Defence Minister AK Antony has responded by curbing the financial powers of army commanders. These generals must now clear proposed purchases from a Financial Advisor (FA), who will be a civilian official in the MoD. The army often complains about excessive financial oversight; now this is set to become even more onerous.
Business Standard has reviewed a copy of the CDA’s audit report, which has not been made public by the MoD. The MoD and the army both declined to comment on the report and its fallout.
The audit relates to special funds allocated to the army’s six theatre commanders, including money that they can expend under the Army Commander’s Special Financial Powers (ACSFP) for “urgent procurement in situations of operational urgency”. This is not the first time that mismanagement of these funds by senior generals has been flagged. In 2008, then army chief General Deepak Kapoor allegedly scuttled a probe into his expenditure of these funds during his tenure as northern army commander. Kapoor’s famously upright successor, Lt Gen HS Panag, who initiated the probe, was summarily shifted from northern command to central command.
The defence minister had backed General Kapoor in 2008, but this time Antony himself has ordered the CDA, the MoD’s apex accounting and audit body, to audit the expenditure of special funds by the army’s theatre commanders. The northern army commander, engaged in year-round operations, has the largest annual budget of Rs 125 crore. The eastern army commander gets Rs 50 crore per annum. The western, south-western, central and southern army commanders get Rs 10 crores each.
Operationally committed commands also get “General Service funds”, meant for generating military intelligence. These funds, which amount to tens of crores, are not subject to any audit.
General Bikram Singh, the current chief, and his predecessor General VK Singh, both commanded the eastern army during the period that the audit covers: 2009-2010 and 2010-2011.
The CDA audit, which covers 55 financial transactions, reports violations to the tune of Rs 103 crores. Worryingly, this might be just the tip of the iceberg. The audit report notes that, “None of the Army Commanders have furnished complete data on the total number of cases where delegated financial powers were exercised by them under various heads. They have forwarded data relating to those sanctions only which costed Rs 50 Lakh and above.”
The vast majority of irregularities relate to the Northern Command. Bizarrely, the purchase of milk forms a major component of the auditors’ objections. But the CDA has also pointed to the purchase of items from “trading firms/agents instead of directly from OEM vendors,” in violation of army regulations. The audit report also notes that the supply of these items is delayed “in practically all cases.” This, according to the report, “substantially defeated the objective for which these (financial) powers were delegated to command HQrs (headquarters).”
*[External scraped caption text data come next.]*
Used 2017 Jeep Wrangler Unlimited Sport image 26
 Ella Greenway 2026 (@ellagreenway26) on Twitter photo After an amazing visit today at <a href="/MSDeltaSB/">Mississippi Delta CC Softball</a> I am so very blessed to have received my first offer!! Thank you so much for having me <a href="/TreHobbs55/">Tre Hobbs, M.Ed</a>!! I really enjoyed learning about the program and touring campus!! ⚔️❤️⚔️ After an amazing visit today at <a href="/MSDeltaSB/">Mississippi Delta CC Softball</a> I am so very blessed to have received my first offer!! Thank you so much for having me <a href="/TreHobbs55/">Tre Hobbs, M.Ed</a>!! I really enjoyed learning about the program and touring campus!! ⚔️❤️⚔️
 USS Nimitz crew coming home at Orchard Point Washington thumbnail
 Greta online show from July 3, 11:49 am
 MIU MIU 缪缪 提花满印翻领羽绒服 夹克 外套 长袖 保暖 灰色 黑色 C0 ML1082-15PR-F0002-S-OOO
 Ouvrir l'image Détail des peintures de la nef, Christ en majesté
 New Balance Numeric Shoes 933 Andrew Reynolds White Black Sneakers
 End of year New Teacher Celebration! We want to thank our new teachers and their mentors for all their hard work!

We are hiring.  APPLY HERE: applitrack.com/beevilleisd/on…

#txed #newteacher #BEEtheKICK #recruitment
The CDA audit notes the fact that the failure of regular military procurement channels often forces army commanders to make emergency purchases under special financial powers. It states that, “If stores are made available in time, it would not be necessary for Army Commanders to exercise these powers.”
Defence experts point out that the army’s logistics system remains a relic of the 1950s and 1960s, when few supplies were available in remote border areas. The tradition of central, rather than local, logistics still continues, even though areas like Ladakh and Arunachal Pradesh now have significant local infrastructure.